Despite these findings, post hoc analysis of CERCAS, SAVE, and RICCADSA trials showed reduction of cardiovascular events in patients who had CPAP adherence >4 h per night.

Promising data was revealed during the 2022 European Society of Cardiology Congress regarding ADVENT-HF trial, as the usage of ASV (focused in peak flow targeted adaptative servoventilation) in CSA didn’t result in increased cardiovascular events. However, a cautious approach to these findings is warranted, as the data has not been published and peer reviewed until the moment this chapter was redacted.

Nasal High-Flow Therapy in CSA

Nasal high-flow (NHF) therapy is a promising treatment strategy to reduce CSA. Thanks to the absence of the negative effects associated to intrathoracic pressure, this modality combines the positive effects of a mild level of continuous positive pressure with the use of oxygen therapy. Moreover, the pressure reached in the oropharyngeal cavity is actually very low [16] (maximum of 5 cm H2O), and this fact will translate into even lower intrathoracic pressures. On the other hand, arterial carbon dioxide pressures decrease with this treatment (washout of dead space area), leading to potential central apnea induced by hypocapnia and its subsequent cardiovascular events. In line with this finding, one small study [16] showed an increased risk of cardiac arrythmias in patients treated with NHF. Although only five patients were included, it did raise questions about the safety of this therapeutic strategy. It is therefore necessary to conduct clinical trials for further clarification on possible benefits of this strategy.

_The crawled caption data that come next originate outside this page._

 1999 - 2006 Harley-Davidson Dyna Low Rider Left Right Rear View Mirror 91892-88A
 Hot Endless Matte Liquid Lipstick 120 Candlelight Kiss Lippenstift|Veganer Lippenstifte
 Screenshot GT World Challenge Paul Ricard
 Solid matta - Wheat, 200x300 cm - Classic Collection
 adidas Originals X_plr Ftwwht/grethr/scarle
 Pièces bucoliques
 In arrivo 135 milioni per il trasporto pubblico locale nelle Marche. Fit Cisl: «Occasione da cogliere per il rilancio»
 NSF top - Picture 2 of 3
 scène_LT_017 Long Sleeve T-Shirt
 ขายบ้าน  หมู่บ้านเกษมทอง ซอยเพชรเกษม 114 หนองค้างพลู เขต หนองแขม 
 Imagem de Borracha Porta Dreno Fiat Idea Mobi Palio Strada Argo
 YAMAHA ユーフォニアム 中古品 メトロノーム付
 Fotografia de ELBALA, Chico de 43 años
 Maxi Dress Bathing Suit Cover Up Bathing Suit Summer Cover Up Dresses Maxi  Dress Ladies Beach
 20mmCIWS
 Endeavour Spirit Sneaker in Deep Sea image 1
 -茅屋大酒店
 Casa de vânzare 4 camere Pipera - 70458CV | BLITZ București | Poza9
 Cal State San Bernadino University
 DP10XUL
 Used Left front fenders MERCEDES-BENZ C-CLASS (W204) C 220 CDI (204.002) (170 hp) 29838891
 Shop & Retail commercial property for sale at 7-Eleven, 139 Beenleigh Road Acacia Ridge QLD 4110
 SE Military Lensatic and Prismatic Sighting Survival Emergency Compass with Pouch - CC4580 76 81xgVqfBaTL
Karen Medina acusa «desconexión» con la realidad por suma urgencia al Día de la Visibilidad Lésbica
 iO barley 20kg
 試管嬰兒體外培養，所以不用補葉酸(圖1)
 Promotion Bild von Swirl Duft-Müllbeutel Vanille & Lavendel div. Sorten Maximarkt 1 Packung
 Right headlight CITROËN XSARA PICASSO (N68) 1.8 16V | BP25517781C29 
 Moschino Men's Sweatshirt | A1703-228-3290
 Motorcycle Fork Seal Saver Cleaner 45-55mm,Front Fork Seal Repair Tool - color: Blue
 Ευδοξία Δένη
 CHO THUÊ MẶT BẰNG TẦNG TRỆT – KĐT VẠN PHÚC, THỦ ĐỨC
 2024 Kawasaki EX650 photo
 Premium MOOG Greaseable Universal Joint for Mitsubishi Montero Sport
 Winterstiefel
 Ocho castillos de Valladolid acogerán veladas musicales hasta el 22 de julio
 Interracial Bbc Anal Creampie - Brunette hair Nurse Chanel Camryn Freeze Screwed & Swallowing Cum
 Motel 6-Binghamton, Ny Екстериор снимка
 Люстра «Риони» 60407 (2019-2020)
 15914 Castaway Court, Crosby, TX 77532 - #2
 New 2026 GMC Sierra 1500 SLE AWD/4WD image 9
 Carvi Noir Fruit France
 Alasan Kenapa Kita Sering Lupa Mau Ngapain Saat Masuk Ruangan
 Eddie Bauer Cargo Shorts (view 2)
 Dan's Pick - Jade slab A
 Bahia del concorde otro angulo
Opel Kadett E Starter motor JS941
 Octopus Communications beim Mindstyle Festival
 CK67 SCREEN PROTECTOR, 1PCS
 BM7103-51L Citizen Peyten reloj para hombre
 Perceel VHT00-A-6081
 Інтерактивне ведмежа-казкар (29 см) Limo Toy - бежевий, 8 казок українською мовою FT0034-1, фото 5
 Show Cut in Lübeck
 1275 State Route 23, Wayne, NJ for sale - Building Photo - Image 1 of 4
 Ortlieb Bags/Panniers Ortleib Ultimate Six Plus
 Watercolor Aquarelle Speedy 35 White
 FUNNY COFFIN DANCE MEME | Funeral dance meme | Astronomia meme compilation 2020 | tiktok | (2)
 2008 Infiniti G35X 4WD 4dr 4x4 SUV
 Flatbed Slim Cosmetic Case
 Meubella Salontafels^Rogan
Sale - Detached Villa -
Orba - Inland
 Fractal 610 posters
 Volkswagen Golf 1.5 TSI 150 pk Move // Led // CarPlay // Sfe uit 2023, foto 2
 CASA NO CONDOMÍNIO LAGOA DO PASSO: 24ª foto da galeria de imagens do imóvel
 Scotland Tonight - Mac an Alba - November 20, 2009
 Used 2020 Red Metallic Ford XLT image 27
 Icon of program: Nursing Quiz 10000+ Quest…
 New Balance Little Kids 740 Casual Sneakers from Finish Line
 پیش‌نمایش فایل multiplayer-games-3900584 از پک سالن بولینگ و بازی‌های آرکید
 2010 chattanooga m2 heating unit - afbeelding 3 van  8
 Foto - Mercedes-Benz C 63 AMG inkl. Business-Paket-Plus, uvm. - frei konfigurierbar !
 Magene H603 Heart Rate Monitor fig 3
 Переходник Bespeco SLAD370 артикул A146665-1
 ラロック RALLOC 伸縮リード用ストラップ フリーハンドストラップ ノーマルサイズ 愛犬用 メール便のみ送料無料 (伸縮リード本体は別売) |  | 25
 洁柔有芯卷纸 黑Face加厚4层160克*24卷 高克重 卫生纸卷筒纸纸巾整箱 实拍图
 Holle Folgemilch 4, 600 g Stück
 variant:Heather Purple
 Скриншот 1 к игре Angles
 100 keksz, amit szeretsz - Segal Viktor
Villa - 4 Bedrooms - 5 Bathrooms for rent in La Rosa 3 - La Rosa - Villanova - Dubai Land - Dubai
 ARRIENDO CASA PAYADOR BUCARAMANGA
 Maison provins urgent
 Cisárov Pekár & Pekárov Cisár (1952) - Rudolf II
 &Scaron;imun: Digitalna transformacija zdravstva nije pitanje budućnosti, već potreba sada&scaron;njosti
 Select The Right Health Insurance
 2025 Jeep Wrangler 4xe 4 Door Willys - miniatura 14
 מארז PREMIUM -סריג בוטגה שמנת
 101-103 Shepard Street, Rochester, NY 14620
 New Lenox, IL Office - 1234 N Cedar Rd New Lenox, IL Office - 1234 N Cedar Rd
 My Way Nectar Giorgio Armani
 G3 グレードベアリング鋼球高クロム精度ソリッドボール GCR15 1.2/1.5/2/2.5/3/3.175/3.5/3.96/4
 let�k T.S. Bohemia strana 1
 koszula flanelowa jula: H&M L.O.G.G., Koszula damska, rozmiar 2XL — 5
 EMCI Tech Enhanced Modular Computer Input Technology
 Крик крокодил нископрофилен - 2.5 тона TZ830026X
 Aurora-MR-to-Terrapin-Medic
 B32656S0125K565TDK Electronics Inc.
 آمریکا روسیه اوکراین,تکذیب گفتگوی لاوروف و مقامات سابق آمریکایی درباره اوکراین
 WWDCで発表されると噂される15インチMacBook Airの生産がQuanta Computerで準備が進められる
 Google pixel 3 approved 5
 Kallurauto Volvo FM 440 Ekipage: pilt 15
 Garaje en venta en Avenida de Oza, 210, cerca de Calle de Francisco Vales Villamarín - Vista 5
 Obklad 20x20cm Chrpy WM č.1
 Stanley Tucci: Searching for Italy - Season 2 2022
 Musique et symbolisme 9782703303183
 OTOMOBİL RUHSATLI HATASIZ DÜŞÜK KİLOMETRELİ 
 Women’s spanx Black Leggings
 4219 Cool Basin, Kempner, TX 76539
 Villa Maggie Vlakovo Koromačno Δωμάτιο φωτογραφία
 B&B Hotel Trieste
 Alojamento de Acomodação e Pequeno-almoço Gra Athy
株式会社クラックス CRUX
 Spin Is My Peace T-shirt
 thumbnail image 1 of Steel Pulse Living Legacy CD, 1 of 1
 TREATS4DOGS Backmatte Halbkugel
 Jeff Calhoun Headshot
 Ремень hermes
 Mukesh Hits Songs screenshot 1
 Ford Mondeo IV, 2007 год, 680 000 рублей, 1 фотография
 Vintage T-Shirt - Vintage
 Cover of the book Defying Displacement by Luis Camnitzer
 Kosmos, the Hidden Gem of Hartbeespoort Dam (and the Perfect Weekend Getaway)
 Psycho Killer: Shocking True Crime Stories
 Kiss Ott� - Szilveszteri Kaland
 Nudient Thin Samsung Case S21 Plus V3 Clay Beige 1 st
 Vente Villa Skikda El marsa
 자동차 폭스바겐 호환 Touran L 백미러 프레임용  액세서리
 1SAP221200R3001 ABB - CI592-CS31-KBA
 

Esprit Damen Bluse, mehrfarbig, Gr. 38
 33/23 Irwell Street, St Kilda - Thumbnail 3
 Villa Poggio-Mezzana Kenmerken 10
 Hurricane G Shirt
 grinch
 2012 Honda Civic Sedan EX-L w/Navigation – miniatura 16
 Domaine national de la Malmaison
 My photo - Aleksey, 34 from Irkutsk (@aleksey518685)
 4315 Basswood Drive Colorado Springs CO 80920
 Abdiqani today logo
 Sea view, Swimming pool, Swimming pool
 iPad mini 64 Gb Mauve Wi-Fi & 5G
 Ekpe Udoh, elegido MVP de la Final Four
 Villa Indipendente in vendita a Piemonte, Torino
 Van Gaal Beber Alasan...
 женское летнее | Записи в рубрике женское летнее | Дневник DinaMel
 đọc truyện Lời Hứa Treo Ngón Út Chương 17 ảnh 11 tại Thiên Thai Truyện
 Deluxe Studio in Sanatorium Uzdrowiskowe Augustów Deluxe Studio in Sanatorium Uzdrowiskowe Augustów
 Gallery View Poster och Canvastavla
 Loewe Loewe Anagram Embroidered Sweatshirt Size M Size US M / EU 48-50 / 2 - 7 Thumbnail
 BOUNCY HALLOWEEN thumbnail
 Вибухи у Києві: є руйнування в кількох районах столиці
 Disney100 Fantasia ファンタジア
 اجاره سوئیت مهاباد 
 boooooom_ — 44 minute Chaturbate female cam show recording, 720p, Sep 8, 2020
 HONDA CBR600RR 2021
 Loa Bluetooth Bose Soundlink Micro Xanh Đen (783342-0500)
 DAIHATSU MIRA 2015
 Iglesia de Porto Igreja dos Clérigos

Heart Failure with Preserved Ejection Fraction and Sleep Breathing Disorders

Some recent clinical trials [3, 4, 12] revealed that ASV can improve diastolic function and symptoms and decrease the level of natriuretic peptides concentration in patients with HFpEF and CSA. Current treatment recommendations with positive airway pressure devices are similar to the ones used in patients with HFrEF, the main difference being that ASV is indicated for treatment of CSA related with HF in patients with ejection fraction >45% [3, 12, 13]. Despite that, no robust clinical trials have yet been conducted to evaluate the true impact of this type of noninvasive ventilation on the cardiovascular outcomes.

Conclusion

SDB is found in at least 50% (some estimates point to 75%) of patients with HF and is associated with a worse prognosis. Pathophysiological mechanisms found in SDB include cyclic hypoxemia and sympathetic nervous system activation, although OSA is associated with thoracoabdominal excursions while CSA is not. The gold standard for its diagnosis is the PSG, but simpler or more accessible methods like PG or recording of nocturnal oxygen saturation via a finger probe can also be used and are still very helpful. CPAP and optimized medical therapy remained as the therapeutic cornerstones for both OSA and CSA, but newer strategies are being pursued and studied.

Key Points

  • SDB is still highly prevalent in patients with HF, despite all the various clinical breakthroughs in the last decades.

  • Untreated severe sleep apnea increases the risk for cardiovascular events (ischemia and arrythmias).

  • Positive airway pressure treatment is useful both in OSA and CSA.

  • The ADVENT-HF trial should bring us new data regarding the use of ASV in patients with HFrEF and CSA.

  • There is scarce data about the use and benefits of nasal high-flow therapy in HF patients with CSA.